*AIM OF THE EXERCISE:*
Write out the entries exactly, leaving out every picture.

>>>

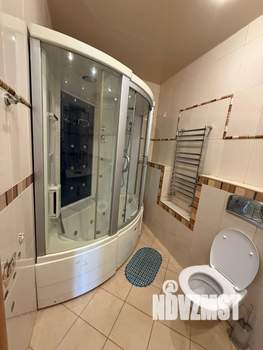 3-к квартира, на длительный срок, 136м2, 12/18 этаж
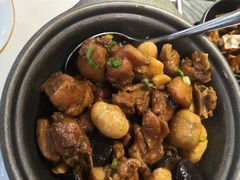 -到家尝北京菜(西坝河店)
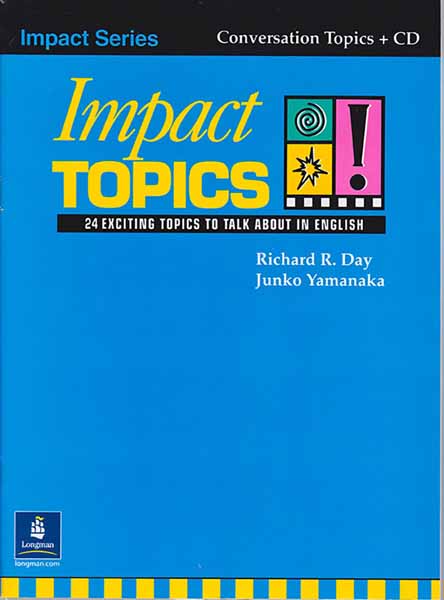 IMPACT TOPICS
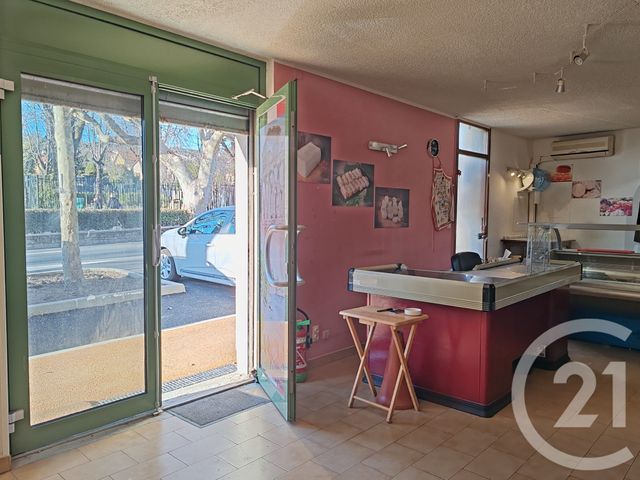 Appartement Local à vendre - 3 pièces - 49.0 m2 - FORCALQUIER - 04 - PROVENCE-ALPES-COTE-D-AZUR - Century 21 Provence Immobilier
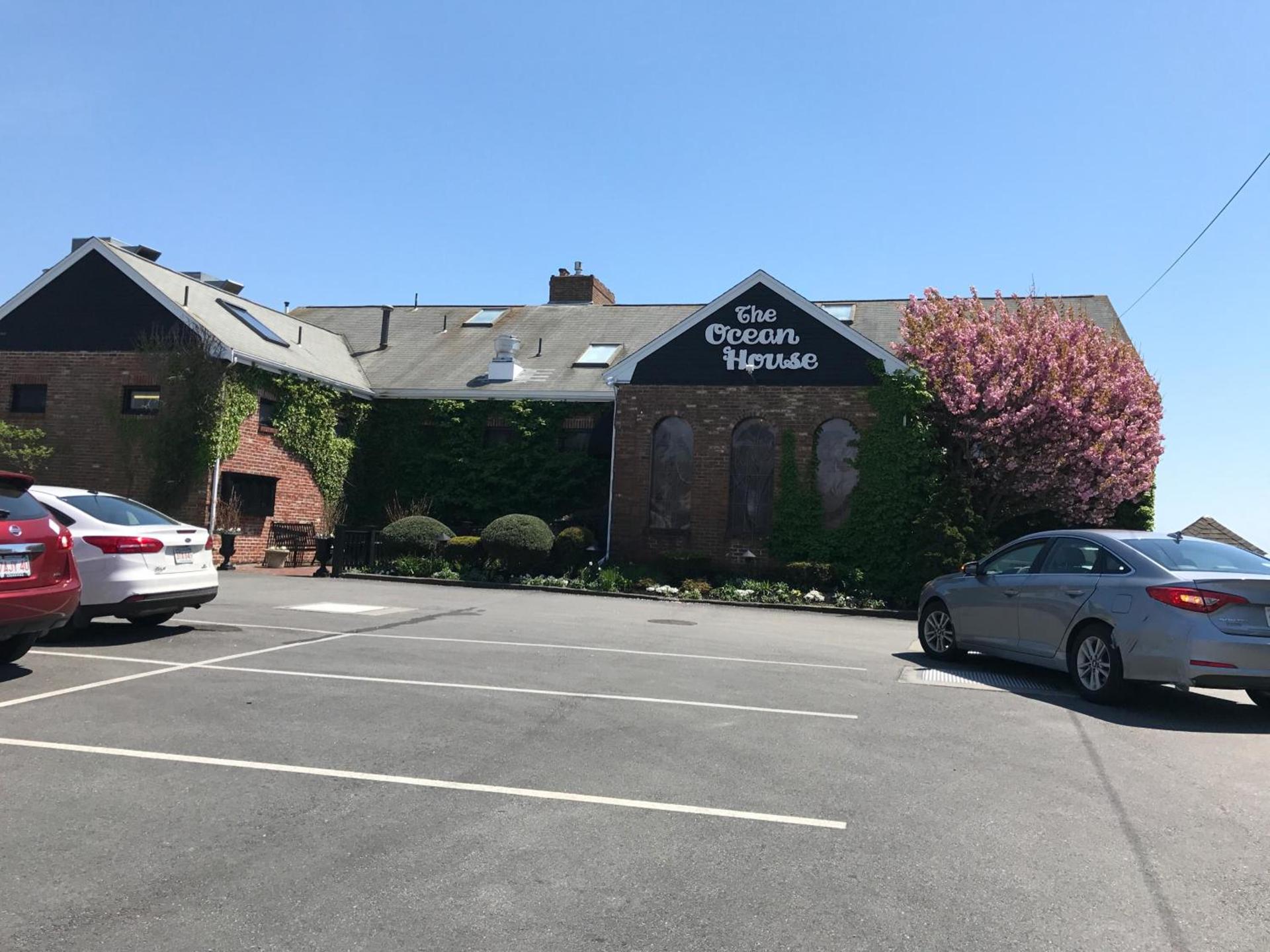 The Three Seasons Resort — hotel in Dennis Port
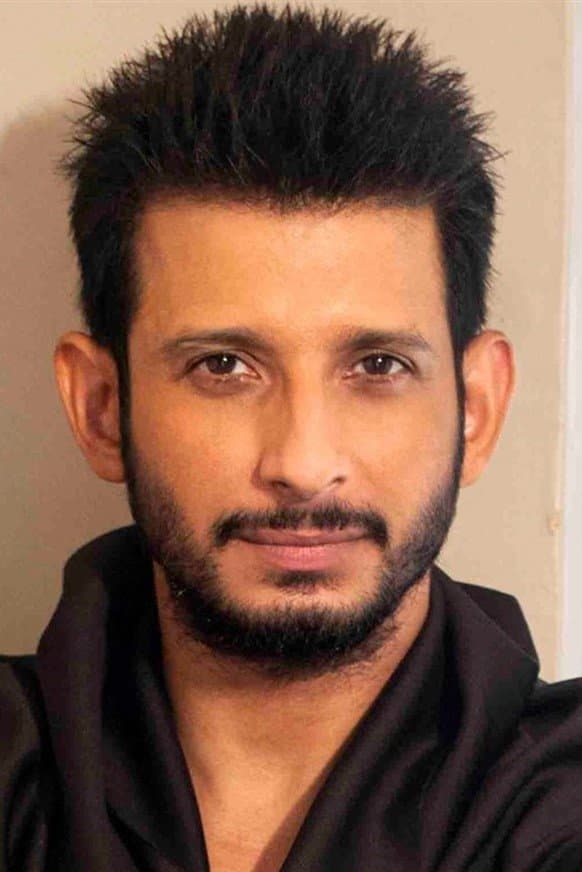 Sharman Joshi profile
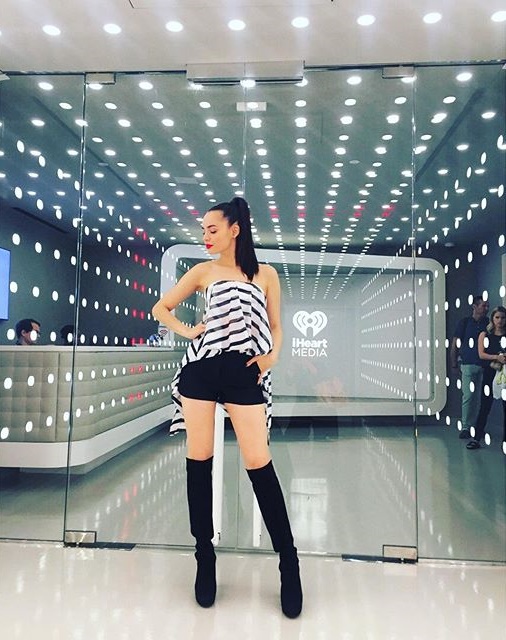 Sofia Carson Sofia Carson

<<<

*EXPECTED ANSWER:*
 3-к квартира, на длительный срок, 136м2, 12/18 этаж
 -到家尝北京菜(西坝河店)
 IMPACT TOPICS
 Appartement Local à vendre - 3 pièces - 49.0 m2 - FORCALQUIER - 04 - PROVENCE-ALPES-COTE-D-AZUR - Century 21 Provence Immobilier
 The Three Seasons Resort — hotel in Dennis Port
 Sharman Joshi profile
 Sofia Carson Sofia Carson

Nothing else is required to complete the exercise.